**PROBLEM DETAILS**
For this exercise, output exactly and only the lines running from the one with "Eden affectees protest" through the final line of the data below, without pictures.

**DATASET EXTRACT**
============================================================

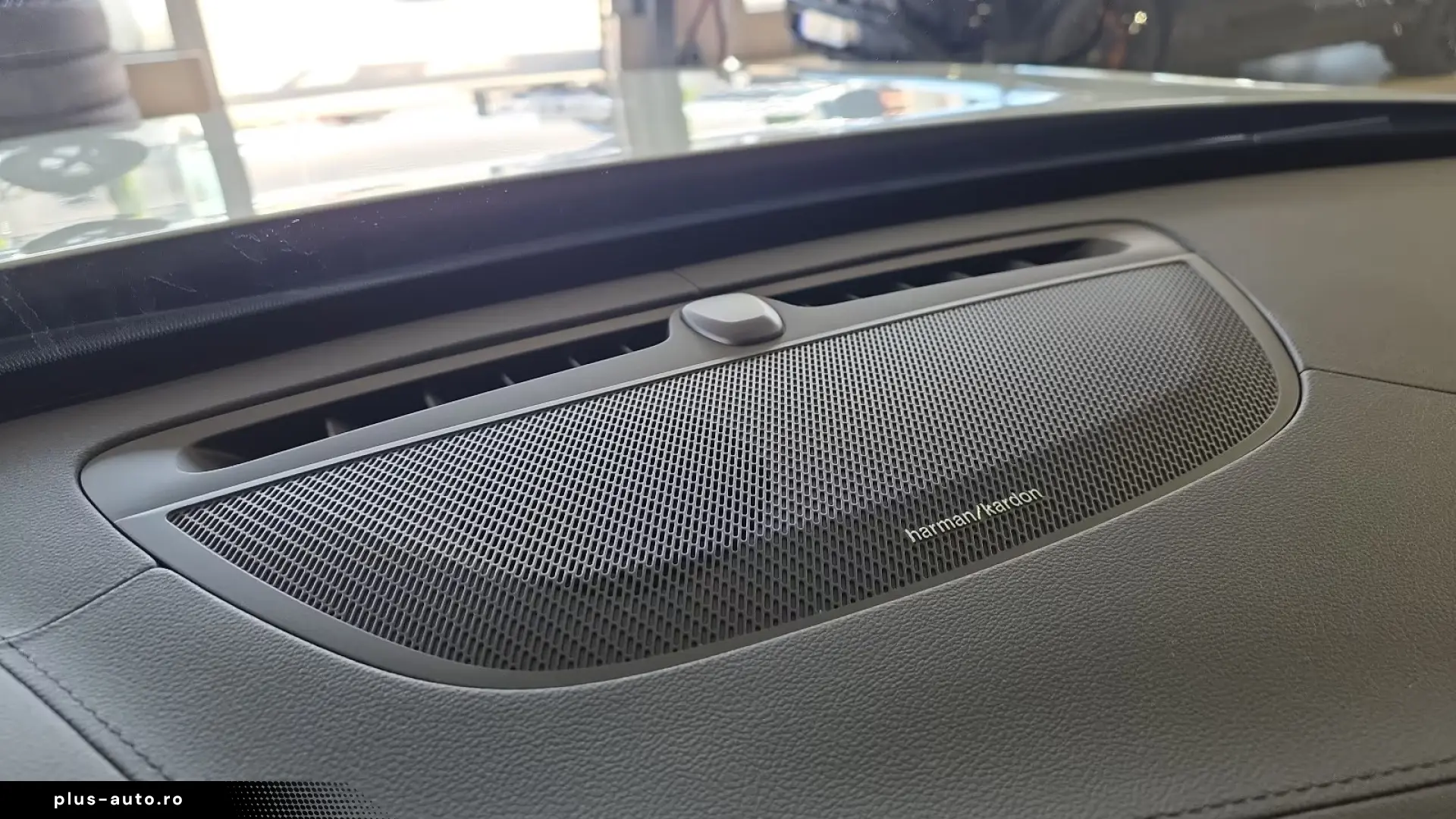 VOLVO XC90 2023 — imagine 14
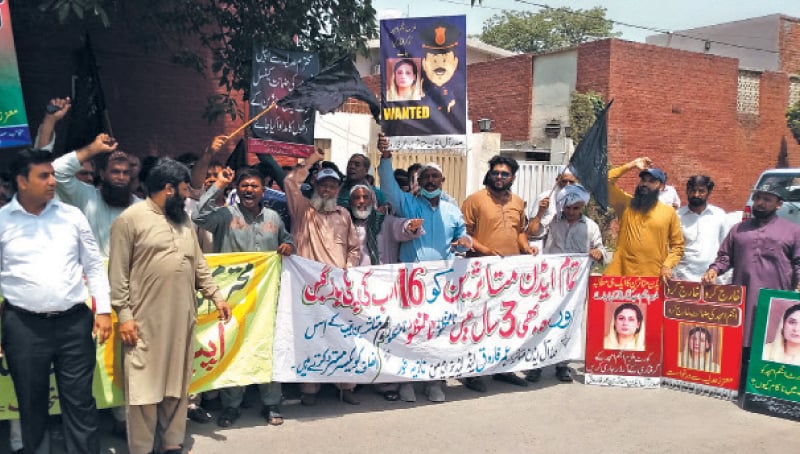 Eden affectees protest against plea bargain. &mdash; Dawn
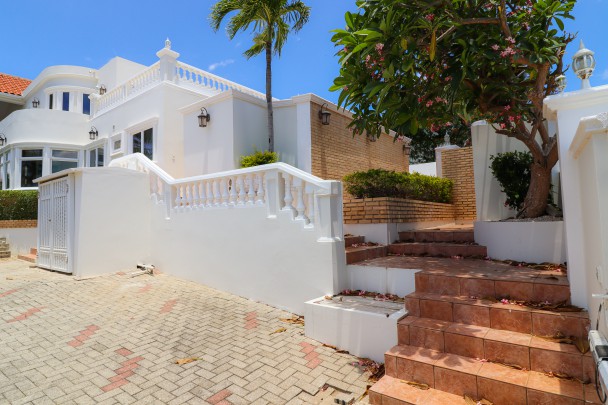  Luxury House with flat for sale in Cas Grandi Curaçao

============================================================

**COMPLETED EXERCISE**
 Eden affectees protest against plea bargain. &mdash; Dawn
  Luxury House with flat for sale in Cas Grandi Curaçao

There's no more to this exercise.